With India’s consumption of micro-nutrients in the agriculture sector remaining below the global average, the International Zinc Association (IZA) on Thursday called for the integration of micro-nutrients in agri-practices to produce nutrition-rich crops.

Recently, there has been a shift in Indian consumer preferences towards healthier food options that can aid in maintaining and improving health. This has resulted in a surge in demand for high-value crops, thus driving the need for micro-nutrients in the Indian agriculture industry, it said.

“India’s journey towards optimal health and well-being hinges on the pervasive integration of micro-nutrients into our diets, healthcare, and agriculture practices,” IZA South Asia Director Sourmitra Das said.

He was addressing a two-day global micro-nutrient summit organised by IZA in association with the Fertiliser Association of India (FAI) here in the national capital.
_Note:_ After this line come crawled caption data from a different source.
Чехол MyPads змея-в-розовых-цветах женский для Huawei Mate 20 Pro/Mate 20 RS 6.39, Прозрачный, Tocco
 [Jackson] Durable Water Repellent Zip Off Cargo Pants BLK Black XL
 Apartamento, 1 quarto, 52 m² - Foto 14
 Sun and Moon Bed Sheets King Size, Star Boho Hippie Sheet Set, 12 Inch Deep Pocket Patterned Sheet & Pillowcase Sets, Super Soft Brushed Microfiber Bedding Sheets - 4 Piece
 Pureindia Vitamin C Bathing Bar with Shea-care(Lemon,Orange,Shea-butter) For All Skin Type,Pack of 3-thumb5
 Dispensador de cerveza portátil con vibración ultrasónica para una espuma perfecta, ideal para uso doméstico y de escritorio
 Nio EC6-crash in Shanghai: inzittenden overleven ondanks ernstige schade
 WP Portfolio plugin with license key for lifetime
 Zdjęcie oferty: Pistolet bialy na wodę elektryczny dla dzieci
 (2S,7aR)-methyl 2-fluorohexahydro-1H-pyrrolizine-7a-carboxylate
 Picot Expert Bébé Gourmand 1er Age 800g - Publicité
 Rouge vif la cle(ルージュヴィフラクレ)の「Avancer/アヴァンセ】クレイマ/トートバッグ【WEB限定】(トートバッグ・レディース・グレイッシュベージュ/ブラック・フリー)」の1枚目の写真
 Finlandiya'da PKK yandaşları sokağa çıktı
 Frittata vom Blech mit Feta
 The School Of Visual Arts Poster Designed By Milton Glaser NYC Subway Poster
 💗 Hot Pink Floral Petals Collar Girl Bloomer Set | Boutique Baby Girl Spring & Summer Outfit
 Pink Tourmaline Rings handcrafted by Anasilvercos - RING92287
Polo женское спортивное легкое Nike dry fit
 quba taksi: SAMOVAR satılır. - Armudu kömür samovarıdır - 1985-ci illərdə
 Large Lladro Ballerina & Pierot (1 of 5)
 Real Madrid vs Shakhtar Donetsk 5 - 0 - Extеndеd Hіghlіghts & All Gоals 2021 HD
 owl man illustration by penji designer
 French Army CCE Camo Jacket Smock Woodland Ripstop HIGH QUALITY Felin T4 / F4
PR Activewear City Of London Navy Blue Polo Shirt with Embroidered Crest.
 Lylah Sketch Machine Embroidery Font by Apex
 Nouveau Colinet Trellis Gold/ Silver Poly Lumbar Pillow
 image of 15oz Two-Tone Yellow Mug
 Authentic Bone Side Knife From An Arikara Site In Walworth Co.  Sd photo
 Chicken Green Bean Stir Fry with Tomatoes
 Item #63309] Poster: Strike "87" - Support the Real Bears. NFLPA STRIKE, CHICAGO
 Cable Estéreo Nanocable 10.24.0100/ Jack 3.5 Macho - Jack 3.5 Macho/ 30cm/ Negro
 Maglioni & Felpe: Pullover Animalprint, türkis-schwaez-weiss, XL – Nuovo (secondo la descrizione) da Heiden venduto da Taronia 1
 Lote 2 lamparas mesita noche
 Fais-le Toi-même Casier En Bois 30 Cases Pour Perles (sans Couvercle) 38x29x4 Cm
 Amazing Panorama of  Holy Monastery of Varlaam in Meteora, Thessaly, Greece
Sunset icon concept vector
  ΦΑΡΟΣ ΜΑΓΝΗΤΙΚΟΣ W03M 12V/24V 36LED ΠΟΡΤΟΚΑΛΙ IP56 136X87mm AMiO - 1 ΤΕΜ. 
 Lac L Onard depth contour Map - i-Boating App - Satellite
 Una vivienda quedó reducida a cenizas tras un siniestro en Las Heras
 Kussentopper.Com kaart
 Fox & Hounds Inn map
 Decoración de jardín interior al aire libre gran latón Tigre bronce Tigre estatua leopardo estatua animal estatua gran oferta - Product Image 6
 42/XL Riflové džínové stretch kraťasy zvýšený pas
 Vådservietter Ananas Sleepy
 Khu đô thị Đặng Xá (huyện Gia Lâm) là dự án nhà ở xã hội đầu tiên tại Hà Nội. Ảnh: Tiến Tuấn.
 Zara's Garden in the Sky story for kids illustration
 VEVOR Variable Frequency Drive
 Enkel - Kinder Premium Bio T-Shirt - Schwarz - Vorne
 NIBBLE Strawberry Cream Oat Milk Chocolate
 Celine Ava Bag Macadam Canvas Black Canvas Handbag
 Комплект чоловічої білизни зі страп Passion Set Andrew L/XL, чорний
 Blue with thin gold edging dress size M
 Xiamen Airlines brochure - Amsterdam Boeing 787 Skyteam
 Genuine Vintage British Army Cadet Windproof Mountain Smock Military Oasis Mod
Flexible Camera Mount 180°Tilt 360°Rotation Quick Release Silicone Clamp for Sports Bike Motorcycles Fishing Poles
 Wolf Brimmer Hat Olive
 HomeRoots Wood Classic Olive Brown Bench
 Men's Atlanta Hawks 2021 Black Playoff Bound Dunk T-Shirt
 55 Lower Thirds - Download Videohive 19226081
Highlighting the pressing challenge of micro-nutrient deficiencies affecting soil, crops and human well-being, Das said on a global scale, recognising the indispensability of micro-nutrients in agriculture is paramount for fostering a robust, healthy, and resilient population.

According to IZA, among micro-nutrients, 40 per cent of soils in India are estimated to be deficient in zinc, 23 per cent in boron and about 12 per cent in iron.

As per the recent report, the Indian agricultural micro-nutrients market is projected to grow from $ 571.6 million in 2022 to $ 1,057.6 million by 2029, it added.

Speaking on the occasion, FAI Director General Arvind Chaudhary said there is a need to create awareness around the usage of micro-nutrient-enriched fertilisers.

“They are the elemental keystones, unlocking the potential within every seed, and transforming barren fields into flourishing landscapes. Embracing these micro-nutrient-rich formulations isn’t just a choice, it’s an investment in the promise of sustainable agriculture, securing a nourished future for generations to come,” he said.

Furthermore, the growing awareness about the positive correlation between healthy crops and increased yield has further propelled the growth of the agricultural micro-nutrient market, he added.

The FAI DG also mentioned that the Indian government is taking steps to educate farmers on soil health by launching various agricultural schemes and offering subsidies to encourage the adoption of agricultural micro-nutrients.

Globally, the use of micro-nutrients is four kg against the use of 100 kg of fertilisers. However, in India, it is only 870 grams against the use of 100 kg of fertilisers, he added.